Nearly everything can be done online. If we want to know something, we Google it. If we want to watch something, we go on to Youtube or Netflix. And when we want to communicate with someone, we send them an email.
While most of us take this for granted, David Finger, Senior Director of Product Marketing at Fortinet shares his insights on why email security should be a priority.

Industry Data Shows Email is a Top Attack Vector

In the 2019 Data Breach Investigation Report from Verizon, 94% of malware was delivered via email and top cybercriminal action leading to a breach was phishing.

`In fact, FortiGuard Labs routinely finds new phishing campaigns emerging. But it’s not just malicious files or URLs in email that represent a risk. According to the FBI, over a two year period Business Email Compromise exposed victims to an estimated loss of $3.3 billion. And the U.S. Department of Justice recently filed suit against a cybercriminal alleged to have stolen $100 million using that type of fraud.

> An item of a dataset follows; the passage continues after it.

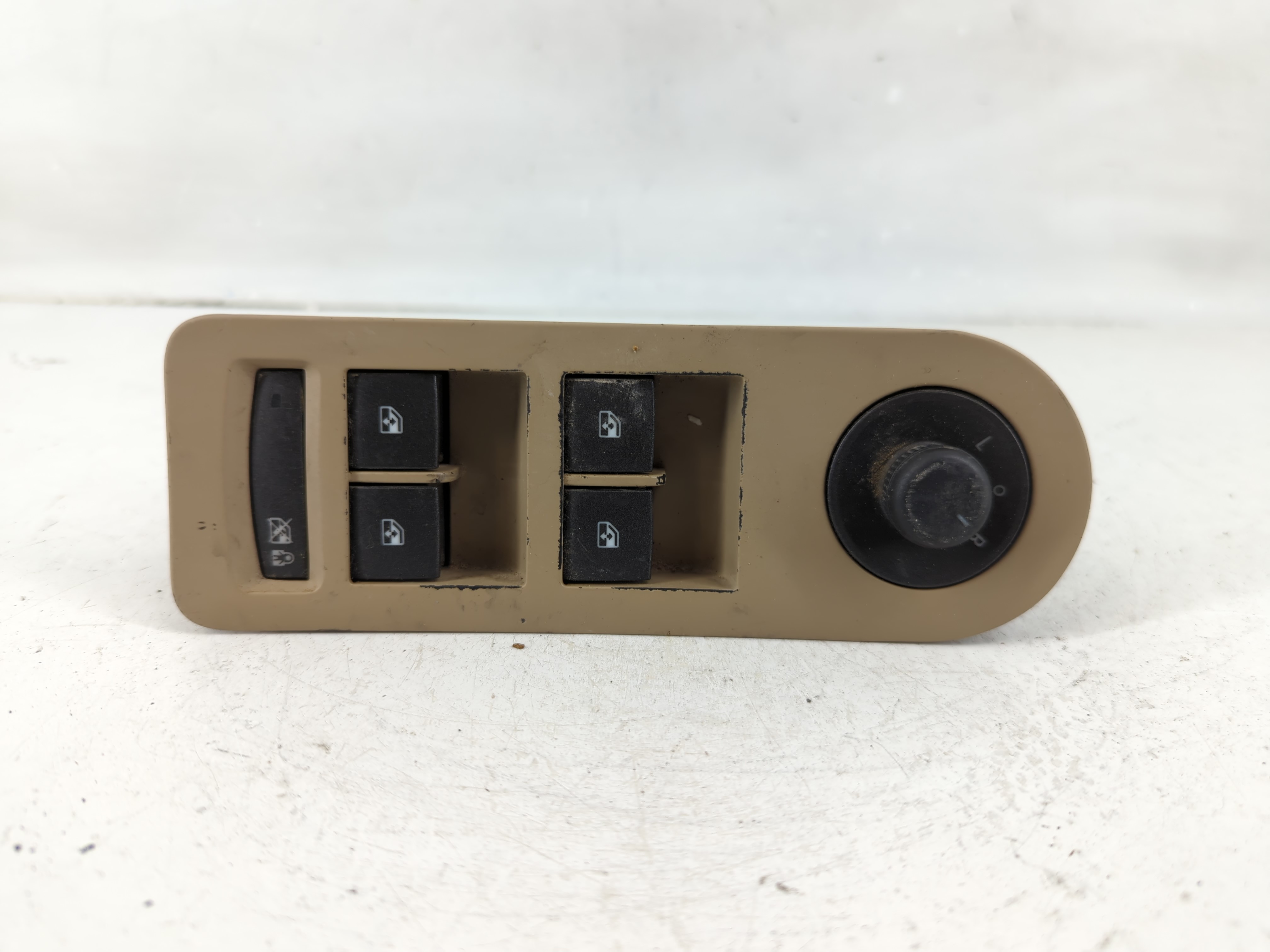 2010-2013 Buick Lacrosse Driver Left Door Master Power Window Switch 1119050 - Oemusedautoparts1.com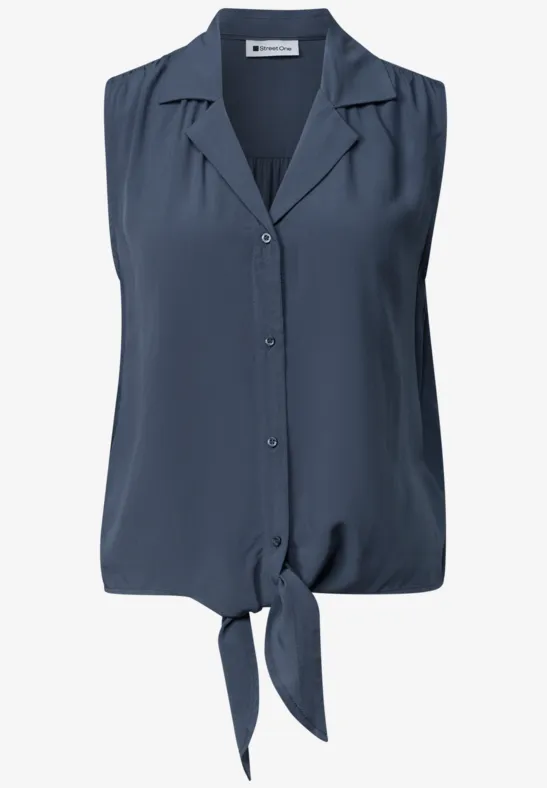 Ärmellose marineblaue Bluse mit Knopfleiste und modischer Knotenbindung am Saum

Email is Moving to the Cloud

Whether your organization uses Microsoft Office 365, Google G-Suite, or another cloud-based email provider, email infrastructure is moving off-premises and into the cloud to be managed by someone else. This makes perfect sense given the maturity of email systems and increasing IT focus on other high-value aspects of digital transformation.

However, outsourcing email infrastructure doesn’t necessarily mean you should outsource email security. Given the industry data above, this is a very important question for each organization to answer in relation to their unique appetite for risk.

Leading Industry Analysts Assert You Must Re-Assess Email Security Architecture

In fact, more recently, Gartner published their Market Guide for Email Security and asserted that “Security and risk management (SRM) leaders must revisit their organizations’ email security architecture in the light of current email threats, such as sophisticated malware, links to exploit kits, credential phishing and BEC.”

The Market Guide states “the following capabilities can be used as primary differentiators and selection criteria for email security products: protecting against attachment- and url-based threats as well as impersonation and social engineering tactics.

Sources have identified email-based malware, phishing, and BEC as costly⁠— and often, the top cybercriminal actions. For those organizations rapidly moving to cloud-based email systems, this issue remains, and just as with their tradition email solutions, they will still need to ascertain whether the native email security is sufficient. Additionally, leading analysts assert that every organization must re-assess their email security architecture.

Given this information, it seems pretty clear to me what we all should include among our 2019 security projects.